Hello fellow R fanatics...
I've been using R to scrape data from a variety of websites for a while now, however this one has me stumped.
I am trying to scrape the data from the following table: http://www.vigimeteo.com/PREV/obs/obs_seul.html?a=07005&b=
However my efforts thus far have failed.
I have tried the following
- Simple wget, which results in the html from the site, and some of the javascript functions used to populate the table, but I haven't been able to really look through it and find the parts that I could use to grab the data using some of R's JS utilities. It might be that my experience with JS is quite poor
- I tried the solution here Reading data from iframe, b/c it looked like the original website had the table in an iframe, but again no luck
A combination of getURL and readHTMLTable
thisURL = http://www.vigimeteo.com/PREV/obs/obs_seul.html?a=07005&b= theURL = getURL(thisURL,.opts = list(ssl.verifypeer = FALSE) ) tables = readHTMLTable(theURL)
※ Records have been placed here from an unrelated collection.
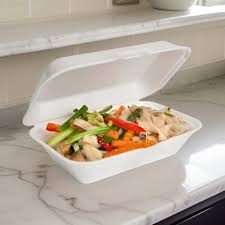 Disposable Lunch Box 10 Pieces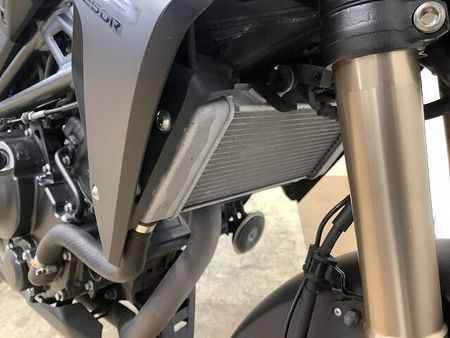 ホンダ CB250R CB250R 2019年モデル ワンオーナー車両 レバー バーエンドカスタム 33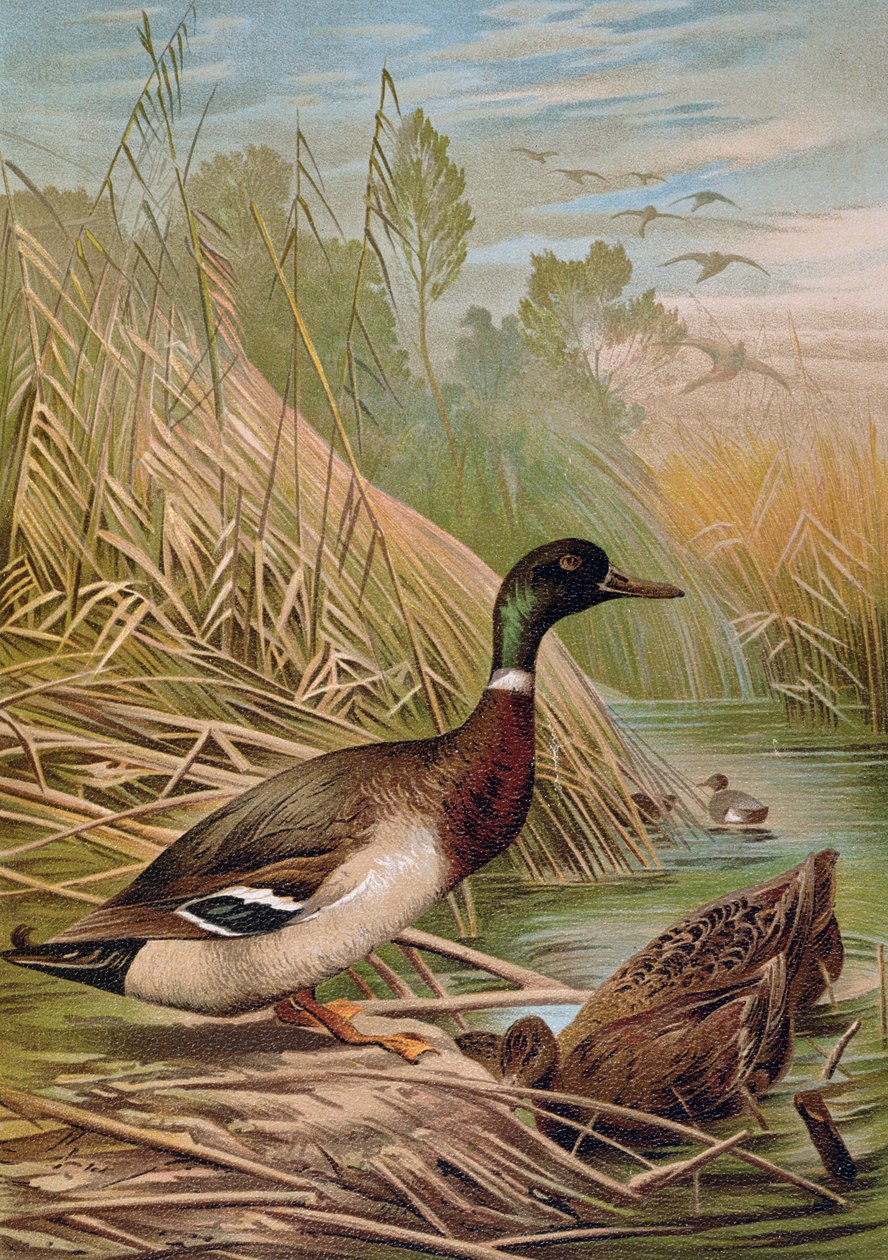 Mallards, bir Macar doğa tarihi kitabından illüstrasyon, 1904 by Alfred Brehm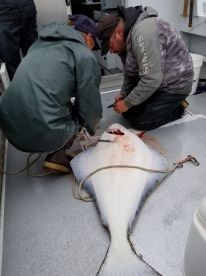 Port Isabel Report Photo 2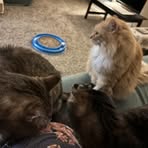Ann Eads - Facebook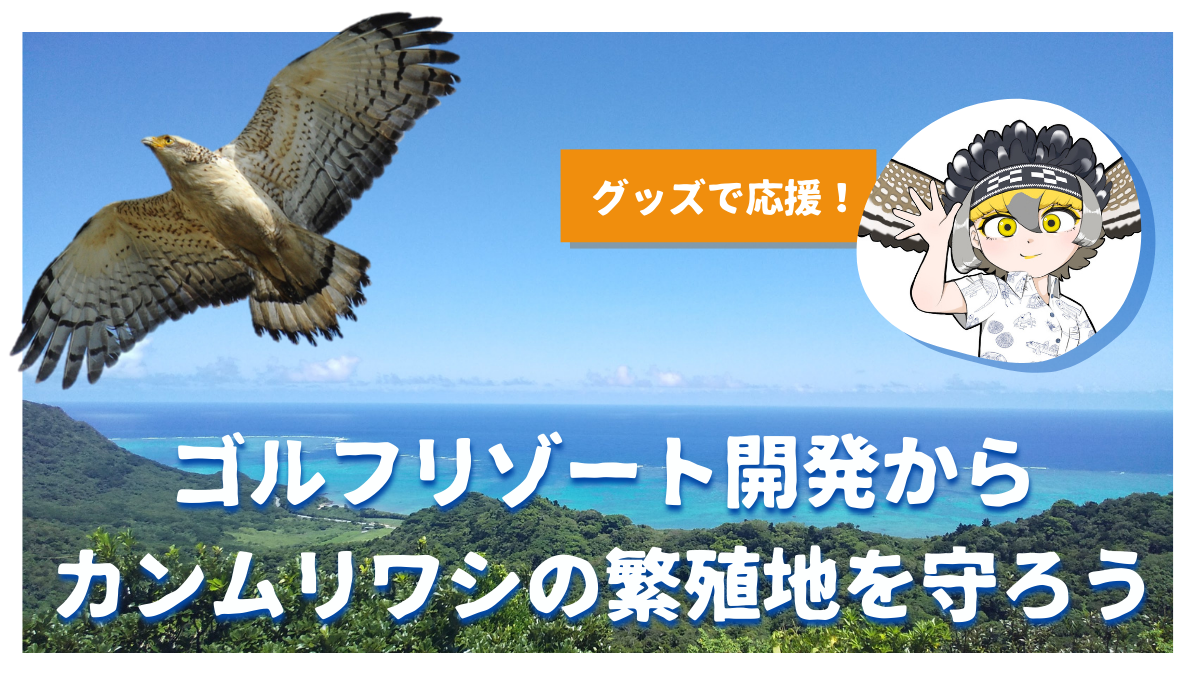 kanmuri_washi_sato_mori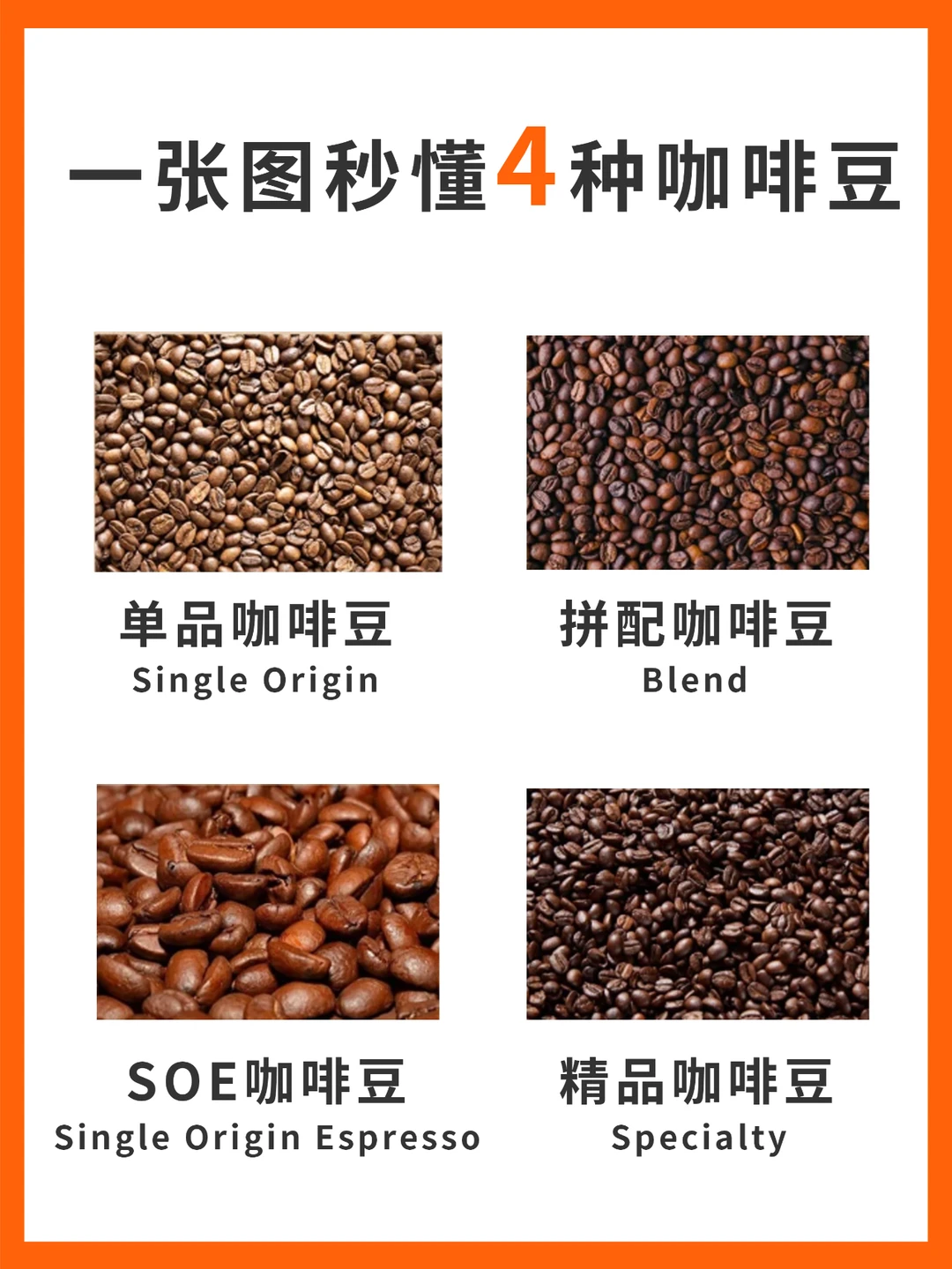 一张图秒懂4种咖啡豆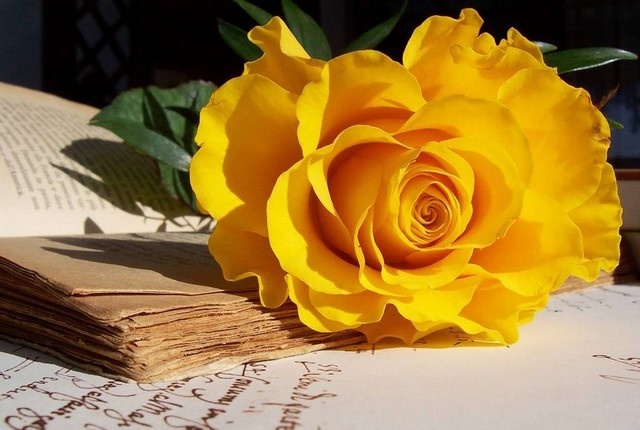 Tử vi tuần mới (12-18/5/2025): Tuổi Tý phát triển rực rỡ, tuổi Ngọ khẳng định tài năng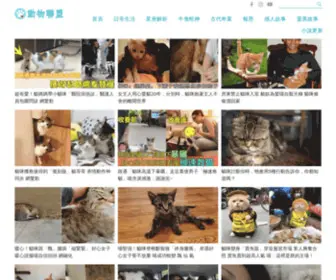 Super-Cutepet.com(動物聯盟) Screenshot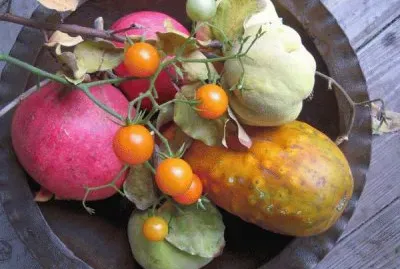 end of summer veggies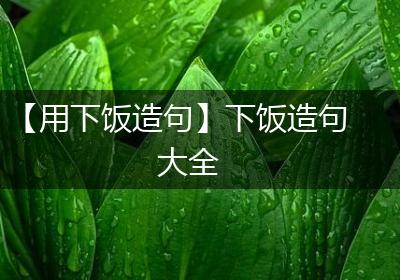 【用下饭造句】下饭造句大全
This results in an empty table
- Spent about an hour going through every part of the html and javascript code I could find, but with limited success as detailed in 1.
It appears maybe R's Selenium package could have a potential solution, but I haven't yet figured out how to use it here, probably due to unfamiliarity
I feel like I'm just missing an essential part here... perhaps due to my lack of knowledge of JS and XML?
UPDATE:
I've noticed that if I right-click on the table element and use Chrome's "inspect" it generates HTML that has all of the table's values in it and would be very scrape-able... I'm still not sure how to get to this point in R though. Anyone have hints on where to look in the "inspect" screen to try and guide my progress?